Generate sample data

You can generate data by executing a Python script, as per the following example:

# sample usage:
#  To generate a 10GB (10240 MB) file.
#  % python gen_csv.py <outfile_name> <outfile_size_MB>
#  % python gen_csv.py file01.csv 10240
#
import numpy as np
import uuid
import csv
import os
import sys
outfile    = sys.argv[1] # output file name
outsize_mb = int(sys.argv[2])
print("Outfile = " + outfile)
print("Outfile Size (MB) = " + str(outsize_mb))
chunksize = 10000
with open(outfile, 'ab') as csvfile:
    while (os.path.getsize(outfile)//1024**2) < outsize_mb:
        data = [[uuid.uuid4() for i in range(chunksize)],
                np.random.random(chunksize)*1000,
                np.random.random(chunksize)*50,
                np.random.randint(1000000, size=(chunksize,)),
                [uuid.uuid4() for i in range(chunksize)]]
        csvfile.writelines(['%s,%.6f,%.6f,%i,%s\n' % row for row in zip(*data)])

The following shows sample rows generated by the script:

head file00.csv
3399bebc-d2cc-40c6-89d4-26102e08ff61,622.491927,40.262305,658257,44d73f8c-1d3c-424e-8fd2-d316c56b8454
4f362eac-f79f-45f6-b6b1-bd5a81f931dc,141.344278,3.024717,694290,7768b010-8411-490a-b523-88cc3ec53cb5
a24a6587-eea4-4907-ac7f-9f99dcac8f82,345.110599,3.869150,510943,5765d1d3-2855-4dbe-9f11-bb3b8631789f
...

To generate five CSV files of approximately 5 GB each, run the following commands:

python ./gen_csv.py file00.csv 5120 &
python ./gen_csv.py file01.csv 5120 &
python ./gen_csv.py file02.csv 5120 &
python ./gen_csv.py file03.csv 5120 &
python ./gen_csv.py file04.csv 5120 &

Load sample data

cassandra-loader is a general-purpose bulk loader for CQL that supports various types of delimited files, particularly CSV files. For details, review the README file of the YugabyteDB cassandra-loader fork. Note that cassandra-loader requires quotes for collection types (for example, "[1,2,3]" rather than [1,2,3] for lists).

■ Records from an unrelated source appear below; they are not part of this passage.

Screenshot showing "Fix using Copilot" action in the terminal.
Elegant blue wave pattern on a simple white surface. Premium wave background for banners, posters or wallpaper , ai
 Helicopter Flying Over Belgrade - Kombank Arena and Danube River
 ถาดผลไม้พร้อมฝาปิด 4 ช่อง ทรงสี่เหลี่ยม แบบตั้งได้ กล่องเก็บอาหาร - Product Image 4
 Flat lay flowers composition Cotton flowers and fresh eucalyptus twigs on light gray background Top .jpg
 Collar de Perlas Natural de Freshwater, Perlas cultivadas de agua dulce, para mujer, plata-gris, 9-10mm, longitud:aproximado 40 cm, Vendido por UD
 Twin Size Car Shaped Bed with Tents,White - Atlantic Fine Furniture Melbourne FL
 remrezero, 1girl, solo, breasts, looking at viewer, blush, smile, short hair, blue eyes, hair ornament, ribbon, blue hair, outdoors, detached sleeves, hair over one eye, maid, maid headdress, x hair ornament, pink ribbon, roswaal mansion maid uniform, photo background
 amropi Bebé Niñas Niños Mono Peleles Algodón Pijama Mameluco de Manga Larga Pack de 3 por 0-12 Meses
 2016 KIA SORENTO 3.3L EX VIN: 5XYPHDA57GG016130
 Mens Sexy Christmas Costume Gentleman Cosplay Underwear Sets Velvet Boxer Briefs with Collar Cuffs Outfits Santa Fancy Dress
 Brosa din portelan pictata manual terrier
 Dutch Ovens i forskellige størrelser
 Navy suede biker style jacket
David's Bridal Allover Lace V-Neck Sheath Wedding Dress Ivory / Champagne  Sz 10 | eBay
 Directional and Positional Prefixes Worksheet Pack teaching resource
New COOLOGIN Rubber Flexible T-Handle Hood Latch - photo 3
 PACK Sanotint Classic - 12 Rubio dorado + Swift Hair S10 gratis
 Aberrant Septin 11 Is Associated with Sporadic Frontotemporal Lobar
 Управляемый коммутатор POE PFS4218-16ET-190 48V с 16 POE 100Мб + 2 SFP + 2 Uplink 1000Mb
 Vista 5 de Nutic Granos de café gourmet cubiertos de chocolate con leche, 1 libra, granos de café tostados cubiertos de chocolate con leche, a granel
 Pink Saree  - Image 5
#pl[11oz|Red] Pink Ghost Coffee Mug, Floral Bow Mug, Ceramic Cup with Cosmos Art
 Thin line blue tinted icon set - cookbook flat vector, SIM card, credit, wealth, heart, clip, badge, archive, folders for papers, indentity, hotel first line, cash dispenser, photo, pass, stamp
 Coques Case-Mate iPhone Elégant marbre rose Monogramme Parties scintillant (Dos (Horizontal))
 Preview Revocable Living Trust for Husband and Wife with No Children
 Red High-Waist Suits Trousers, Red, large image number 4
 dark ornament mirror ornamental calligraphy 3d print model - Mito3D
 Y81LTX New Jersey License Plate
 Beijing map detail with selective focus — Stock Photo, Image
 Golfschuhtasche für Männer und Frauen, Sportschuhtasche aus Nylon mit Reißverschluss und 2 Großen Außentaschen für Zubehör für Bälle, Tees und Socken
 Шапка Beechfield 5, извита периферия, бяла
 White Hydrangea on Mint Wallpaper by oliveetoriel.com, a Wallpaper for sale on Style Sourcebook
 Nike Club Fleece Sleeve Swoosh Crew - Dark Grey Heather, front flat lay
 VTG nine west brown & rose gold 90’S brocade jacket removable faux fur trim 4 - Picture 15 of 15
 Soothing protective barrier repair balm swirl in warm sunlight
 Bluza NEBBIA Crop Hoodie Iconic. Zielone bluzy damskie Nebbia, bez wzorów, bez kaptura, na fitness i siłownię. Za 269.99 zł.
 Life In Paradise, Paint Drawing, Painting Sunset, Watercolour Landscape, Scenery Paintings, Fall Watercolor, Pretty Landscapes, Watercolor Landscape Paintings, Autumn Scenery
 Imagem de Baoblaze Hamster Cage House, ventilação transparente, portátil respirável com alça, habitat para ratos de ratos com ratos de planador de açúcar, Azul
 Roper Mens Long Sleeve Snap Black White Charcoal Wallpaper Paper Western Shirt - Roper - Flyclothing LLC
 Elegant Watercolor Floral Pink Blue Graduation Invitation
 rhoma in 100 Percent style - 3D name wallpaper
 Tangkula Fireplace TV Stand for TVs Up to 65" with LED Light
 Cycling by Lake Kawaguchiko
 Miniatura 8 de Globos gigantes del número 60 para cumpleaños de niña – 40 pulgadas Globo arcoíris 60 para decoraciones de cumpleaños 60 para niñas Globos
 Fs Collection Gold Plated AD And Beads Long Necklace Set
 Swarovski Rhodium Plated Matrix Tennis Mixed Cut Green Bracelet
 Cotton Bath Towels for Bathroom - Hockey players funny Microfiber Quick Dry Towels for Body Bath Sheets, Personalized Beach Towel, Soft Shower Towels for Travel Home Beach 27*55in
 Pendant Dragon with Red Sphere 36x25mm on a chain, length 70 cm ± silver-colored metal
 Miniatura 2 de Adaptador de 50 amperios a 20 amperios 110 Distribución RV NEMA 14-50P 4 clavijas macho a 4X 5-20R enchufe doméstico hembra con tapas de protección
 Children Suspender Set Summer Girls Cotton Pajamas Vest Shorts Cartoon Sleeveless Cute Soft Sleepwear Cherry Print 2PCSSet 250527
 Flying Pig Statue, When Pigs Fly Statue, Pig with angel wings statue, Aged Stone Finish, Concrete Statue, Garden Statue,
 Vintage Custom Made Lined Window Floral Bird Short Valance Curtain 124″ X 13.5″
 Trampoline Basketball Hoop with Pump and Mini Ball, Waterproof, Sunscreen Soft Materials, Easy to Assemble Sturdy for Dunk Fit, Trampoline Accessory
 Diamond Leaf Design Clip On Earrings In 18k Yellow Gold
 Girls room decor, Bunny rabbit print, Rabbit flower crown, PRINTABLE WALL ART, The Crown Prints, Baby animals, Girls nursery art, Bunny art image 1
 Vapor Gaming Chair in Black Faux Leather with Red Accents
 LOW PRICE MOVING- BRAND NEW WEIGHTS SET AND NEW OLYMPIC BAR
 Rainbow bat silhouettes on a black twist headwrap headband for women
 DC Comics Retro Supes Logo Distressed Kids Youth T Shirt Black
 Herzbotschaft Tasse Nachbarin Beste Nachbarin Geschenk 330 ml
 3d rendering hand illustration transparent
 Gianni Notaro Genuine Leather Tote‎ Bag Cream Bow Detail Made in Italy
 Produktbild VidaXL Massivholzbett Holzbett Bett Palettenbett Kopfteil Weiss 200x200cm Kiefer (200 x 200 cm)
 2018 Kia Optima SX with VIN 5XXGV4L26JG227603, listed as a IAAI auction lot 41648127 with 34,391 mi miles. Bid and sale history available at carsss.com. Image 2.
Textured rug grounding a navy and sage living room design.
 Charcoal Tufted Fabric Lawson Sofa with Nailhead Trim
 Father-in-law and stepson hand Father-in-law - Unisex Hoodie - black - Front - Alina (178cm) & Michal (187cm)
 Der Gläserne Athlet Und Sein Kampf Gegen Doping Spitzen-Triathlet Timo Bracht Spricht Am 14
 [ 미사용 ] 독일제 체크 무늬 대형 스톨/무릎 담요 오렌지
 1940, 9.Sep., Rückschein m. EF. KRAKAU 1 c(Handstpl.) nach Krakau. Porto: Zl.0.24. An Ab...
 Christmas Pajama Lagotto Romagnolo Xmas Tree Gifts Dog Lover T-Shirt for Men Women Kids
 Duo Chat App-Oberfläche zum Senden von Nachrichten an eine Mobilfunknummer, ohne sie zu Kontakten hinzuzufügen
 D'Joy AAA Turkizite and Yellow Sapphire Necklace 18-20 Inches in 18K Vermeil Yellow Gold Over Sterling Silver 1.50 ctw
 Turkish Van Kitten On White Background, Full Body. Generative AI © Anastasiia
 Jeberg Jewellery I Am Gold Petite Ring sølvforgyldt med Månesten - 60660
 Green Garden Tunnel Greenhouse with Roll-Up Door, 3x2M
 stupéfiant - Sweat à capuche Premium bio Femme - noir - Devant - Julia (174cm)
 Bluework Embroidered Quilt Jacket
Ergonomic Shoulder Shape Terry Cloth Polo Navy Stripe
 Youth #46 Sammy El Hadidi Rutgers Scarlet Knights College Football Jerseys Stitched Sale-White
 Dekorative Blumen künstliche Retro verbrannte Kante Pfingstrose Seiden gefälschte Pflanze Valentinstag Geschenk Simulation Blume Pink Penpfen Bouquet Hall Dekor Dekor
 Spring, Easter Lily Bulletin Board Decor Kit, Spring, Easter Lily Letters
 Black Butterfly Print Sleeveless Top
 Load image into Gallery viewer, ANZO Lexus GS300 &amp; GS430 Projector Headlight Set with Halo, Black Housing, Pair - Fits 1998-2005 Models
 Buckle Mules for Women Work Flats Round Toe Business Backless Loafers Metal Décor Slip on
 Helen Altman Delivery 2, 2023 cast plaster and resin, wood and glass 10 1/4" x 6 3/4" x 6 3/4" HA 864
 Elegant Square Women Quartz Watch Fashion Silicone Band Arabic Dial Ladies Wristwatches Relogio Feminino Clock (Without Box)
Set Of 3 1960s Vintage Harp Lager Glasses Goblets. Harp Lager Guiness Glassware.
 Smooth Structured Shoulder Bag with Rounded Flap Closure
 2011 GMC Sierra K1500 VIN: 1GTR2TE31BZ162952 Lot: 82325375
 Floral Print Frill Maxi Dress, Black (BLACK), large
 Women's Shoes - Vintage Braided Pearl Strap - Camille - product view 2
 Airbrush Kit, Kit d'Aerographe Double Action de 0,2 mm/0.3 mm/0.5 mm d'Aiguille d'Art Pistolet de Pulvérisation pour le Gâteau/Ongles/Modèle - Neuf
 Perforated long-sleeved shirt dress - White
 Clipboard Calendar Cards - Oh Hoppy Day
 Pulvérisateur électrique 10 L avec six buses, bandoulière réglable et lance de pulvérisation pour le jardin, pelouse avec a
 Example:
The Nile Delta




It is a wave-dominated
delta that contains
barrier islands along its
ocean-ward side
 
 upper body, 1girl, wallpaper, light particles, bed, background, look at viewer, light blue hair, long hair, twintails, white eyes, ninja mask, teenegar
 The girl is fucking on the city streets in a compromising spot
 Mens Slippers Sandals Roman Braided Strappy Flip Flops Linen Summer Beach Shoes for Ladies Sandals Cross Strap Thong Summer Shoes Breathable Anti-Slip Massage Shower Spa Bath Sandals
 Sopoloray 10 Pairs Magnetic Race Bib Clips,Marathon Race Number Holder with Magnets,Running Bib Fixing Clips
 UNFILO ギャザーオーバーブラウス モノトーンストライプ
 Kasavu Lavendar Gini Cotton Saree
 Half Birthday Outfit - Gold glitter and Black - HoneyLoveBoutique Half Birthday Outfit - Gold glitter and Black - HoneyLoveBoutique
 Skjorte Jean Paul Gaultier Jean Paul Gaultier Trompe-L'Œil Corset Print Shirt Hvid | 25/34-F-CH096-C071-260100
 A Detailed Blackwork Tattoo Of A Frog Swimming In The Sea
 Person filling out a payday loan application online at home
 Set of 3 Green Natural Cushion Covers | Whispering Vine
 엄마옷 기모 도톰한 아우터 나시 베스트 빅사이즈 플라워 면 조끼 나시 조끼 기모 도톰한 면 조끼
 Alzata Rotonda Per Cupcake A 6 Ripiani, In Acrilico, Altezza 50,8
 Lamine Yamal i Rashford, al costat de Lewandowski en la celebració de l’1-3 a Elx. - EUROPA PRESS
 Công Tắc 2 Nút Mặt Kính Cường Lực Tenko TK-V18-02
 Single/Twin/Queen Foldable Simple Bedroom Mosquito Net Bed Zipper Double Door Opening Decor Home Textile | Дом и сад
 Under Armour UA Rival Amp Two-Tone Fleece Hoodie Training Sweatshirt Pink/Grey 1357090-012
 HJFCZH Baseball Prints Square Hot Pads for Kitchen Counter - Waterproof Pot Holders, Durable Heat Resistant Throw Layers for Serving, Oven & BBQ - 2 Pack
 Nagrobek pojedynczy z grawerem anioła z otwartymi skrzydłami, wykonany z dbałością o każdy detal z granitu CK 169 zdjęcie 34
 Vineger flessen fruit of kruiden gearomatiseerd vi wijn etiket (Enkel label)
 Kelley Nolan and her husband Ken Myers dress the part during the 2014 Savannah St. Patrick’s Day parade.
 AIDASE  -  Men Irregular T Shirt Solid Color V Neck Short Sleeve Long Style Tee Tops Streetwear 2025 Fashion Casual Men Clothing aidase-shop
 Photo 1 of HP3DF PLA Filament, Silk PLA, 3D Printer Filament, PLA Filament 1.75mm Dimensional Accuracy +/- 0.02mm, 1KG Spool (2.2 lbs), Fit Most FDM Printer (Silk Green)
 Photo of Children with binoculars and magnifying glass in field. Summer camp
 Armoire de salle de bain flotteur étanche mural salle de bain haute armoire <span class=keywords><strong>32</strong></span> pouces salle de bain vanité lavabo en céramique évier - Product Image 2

You can install cassandra-loader as follows:

wget https://github.com/yugabyte/cassandra-loader/releases/download/<latest-version>/cassandra-loader
chmod a+x cassandra-loader

You can run cassandra-loader and queue up the files for upload one at a time, as follows:

./cassandra-loader \
    -schema "load.users(user_id, score1, score2, points, object_id)" \
    -boolStyle 1_0 \
    -numFutures 1000 \
    -rate 10000 \
    -queryTimeout 65 \
    -numRetries 10 \
    -progressRate 200000 \
    -host <clusterNodeIP> \
    -f file01.csv

For additional options, refer to cassandra-loader options.

Export data

You can install cassandra-unloader as follows:

wget https://github.com/brianmhess/cassandra-loader/releases/download/<latest-version>/cassandra-unloader
chmod a+x cassandra-unloader

You can run cassandra-unloader as follows:

./cassandra-unloader \
   -schema "load.users(user_id, score1, score2, points, object_id)" \
   -boolStyle 1_0 \
   -host <clusterNodeIP> \
   -f outfile.csv

For additional options, refer to cassandra-unloader options.

Best practices

Be sure to always specify the time zone, as it is not added to the default timestamp formats when using the cassandra-loader and cassandra-unloader utilities. Timestamps must be exported and imported in the same format, including the time zone. For example, yyyy-MM-dd HH:mm:ss.SSSZ and yyyy-MM-dd HH:mm:ss.SSSXXX.

It is recommended to use tab character as delimiter on JSONB columns, as the default delimiter, comma ( , ) does not work with these type of columns. For example, -delim $'\t'.